Galaxy Zoo Talk

Computers vs. Humans in Galaxy Classification

  • williamaskew by williamaskew

    Computers vs. Humans in Galaxy Classification. Article and citation

    http://aasnova.org/2016/04/27/computers-vs-humans-in-galaxy-classification/

    Posted

  • Budgieye by Budgieye moderator

    Thank you for posting that. I'll put it in The Index. It is always difficult to decide between fuzzy spirals and ellipticals, so good luck to the computer software.

    I liked the part....

    " upcoming surveys like the Large Synoptic Survey Telescope (LSST), which will produce billions of galaxy images when it comes online?"

    Posted

  • williamaskew by williamaskew in response to Budgieye's comment.

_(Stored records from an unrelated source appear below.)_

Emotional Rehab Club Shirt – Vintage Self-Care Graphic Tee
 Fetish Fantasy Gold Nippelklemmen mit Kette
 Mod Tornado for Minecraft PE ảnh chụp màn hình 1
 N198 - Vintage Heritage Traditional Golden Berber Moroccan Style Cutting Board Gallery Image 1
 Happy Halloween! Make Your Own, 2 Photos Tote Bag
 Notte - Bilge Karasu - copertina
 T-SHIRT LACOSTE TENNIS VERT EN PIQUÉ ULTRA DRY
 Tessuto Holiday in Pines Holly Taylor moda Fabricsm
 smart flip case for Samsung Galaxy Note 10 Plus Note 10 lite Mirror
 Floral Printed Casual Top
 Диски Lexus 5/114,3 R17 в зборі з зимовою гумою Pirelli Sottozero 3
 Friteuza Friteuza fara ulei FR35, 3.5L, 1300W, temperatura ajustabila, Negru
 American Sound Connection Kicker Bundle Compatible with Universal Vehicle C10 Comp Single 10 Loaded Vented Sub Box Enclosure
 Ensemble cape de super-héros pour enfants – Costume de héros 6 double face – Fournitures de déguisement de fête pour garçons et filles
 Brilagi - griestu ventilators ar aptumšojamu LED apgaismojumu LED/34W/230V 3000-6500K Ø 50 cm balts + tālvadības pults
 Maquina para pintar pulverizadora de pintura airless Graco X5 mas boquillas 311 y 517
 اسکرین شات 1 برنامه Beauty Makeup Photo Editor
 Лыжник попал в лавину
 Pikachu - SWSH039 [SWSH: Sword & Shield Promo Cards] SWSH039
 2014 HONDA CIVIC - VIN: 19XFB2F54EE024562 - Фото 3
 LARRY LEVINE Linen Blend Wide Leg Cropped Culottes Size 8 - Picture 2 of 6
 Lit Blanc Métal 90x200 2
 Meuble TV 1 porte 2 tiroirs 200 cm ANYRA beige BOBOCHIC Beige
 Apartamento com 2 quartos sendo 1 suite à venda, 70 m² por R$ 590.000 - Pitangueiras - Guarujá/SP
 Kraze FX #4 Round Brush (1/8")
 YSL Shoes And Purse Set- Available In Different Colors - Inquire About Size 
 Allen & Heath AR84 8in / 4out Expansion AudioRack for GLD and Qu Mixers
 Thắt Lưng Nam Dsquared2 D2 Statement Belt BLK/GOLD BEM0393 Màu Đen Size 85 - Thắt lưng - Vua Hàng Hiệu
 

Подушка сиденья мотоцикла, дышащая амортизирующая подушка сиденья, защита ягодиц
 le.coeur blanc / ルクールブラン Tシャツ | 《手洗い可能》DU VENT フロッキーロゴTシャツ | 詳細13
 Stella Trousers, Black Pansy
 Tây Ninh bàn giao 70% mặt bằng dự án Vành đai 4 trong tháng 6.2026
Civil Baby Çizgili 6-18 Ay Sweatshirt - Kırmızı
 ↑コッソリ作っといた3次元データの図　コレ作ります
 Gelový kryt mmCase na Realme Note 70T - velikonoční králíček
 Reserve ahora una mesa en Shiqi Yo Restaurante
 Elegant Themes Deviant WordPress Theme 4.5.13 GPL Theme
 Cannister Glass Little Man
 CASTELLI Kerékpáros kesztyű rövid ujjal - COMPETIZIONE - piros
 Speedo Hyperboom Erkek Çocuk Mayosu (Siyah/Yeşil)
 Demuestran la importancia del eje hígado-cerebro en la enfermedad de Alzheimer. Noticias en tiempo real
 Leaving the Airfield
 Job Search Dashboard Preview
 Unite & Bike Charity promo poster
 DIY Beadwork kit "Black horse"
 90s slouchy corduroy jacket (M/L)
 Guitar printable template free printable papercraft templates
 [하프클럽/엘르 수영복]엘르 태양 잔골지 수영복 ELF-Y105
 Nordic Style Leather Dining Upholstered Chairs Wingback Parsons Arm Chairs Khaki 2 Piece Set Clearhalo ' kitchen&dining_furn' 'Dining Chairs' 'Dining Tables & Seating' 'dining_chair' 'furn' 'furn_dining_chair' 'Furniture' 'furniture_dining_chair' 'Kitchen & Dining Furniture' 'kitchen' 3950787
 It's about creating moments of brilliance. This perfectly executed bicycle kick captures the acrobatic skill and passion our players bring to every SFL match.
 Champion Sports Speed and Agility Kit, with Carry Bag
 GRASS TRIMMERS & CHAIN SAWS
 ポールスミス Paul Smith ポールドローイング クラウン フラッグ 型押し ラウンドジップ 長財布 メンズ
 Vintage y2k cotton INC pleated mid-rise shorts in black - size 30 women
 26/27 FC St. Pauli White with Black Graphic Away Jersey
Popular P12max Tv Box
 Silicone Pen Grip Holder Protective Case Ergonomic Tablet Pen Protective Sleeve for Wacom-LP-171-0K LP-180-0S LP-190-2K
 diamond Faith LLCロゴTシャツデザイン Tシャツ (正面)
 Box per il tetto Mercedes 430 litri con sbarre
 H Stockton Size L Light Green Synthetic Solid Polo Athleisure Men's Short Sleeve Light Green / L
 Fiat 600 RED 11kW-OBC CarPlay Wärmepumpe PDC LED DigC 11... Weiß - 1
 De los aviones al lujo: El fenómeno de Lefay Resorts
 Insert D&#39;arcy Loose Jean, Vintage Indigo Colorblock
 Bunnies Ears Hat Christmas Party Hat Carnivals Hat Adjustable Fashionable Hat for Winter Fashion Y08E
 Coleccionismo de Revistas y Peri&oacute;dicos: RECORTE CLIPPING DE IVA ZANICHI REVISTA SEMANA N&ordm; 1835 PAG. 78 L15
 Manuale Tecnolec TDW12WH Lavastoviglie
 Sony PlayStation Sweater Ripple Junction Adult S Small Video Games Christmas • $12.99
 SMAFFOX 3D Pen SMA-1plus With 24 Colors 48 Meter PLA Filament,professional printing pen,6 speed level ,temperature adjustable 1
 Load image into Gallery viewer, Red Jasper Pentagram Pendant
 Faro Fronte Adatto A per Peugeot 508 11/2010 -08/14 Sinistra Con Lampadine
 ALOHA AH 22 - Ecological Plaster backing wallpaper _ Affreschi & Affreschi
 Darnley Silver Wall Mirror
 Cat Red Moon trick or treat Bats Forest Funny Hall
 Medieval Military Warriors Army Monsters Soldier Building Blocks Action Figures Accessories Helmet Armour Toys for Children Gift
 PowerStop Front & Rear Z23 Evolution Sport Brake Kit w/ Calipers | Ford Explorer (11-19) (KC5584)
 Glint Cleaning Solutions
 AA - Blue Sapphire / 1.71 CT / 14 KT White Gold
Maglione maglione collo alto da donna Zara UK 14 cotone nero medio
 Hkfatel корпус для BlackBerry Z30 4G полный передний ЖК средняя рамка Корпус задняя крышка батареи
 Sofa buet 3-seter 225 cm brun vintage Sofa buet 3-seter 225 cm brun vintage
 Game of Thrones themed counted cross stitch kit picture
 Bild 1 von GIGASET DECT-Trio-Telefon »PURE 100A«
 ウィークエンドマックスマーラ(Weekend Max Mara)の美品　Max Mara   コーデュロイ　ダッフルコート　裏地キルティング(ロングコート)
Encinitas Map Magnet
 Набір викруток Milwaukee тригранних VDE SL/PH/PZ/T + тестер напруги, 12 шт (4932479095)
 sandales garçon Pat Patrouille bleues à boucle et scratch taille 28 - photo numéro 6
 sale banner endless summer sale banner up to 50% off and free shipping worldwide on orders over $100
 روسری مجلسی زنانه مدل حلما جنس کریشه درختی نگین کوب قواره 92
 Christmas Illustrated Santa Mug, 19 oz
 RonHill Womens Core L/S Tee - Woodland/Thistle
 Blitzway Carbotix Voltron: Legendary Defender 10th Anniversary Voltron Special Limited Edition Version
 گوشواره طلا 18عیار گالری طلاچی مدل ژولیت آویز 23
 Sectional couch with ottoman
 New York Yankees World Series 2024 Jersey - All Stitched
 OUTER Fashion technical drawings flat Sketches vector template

    I caught that too. exciting

    Posted

  • JeanTate by JeanTate

    The paper the PR is based on is "Computer-generated visual morphology catalog of ~3,000,000 SDSS galaxies", by Kuminski & Shamir (last revised 27 Mar 2016, arXiv:1602.06854). Here's the abstract:

    We applied computer analysis to classify the broad morphological type of ~3,000,000 SDSS galaxies. The catalog provides for each galaxy the DR8 object ID, right ascension, declination, and the certainty of the automatic classification to spiral or elliptical. The certainty of the classification allows controlling the accuracy of a subset of galaxies by sacrificing some of the least certain classifications. The accuracy of the catalog was tested using galaxies that were classified by the manually annotated Galaxy Zoo catalog. The results show that the catalog contains ~900,000 spiral galaxies and ~600,000 elliptical galaxies with classification certainty that has a statistical agreement rate of ~98% with Galaxy Zoo debiased 'superclean' dataset. That also demonstrates the ability of computers to turn large datasets of galaxy images into structured catalogs of galaxy morphology. The catalog can be downloaded at this http URL , and can be accessed through public tables on CAS: public.broadMorph.LargeGM, public.broadMorph.LargeWnnGM, and public.broadMorph.SpectraGM. The image analysis software that was used to create the catalog is also publicly available.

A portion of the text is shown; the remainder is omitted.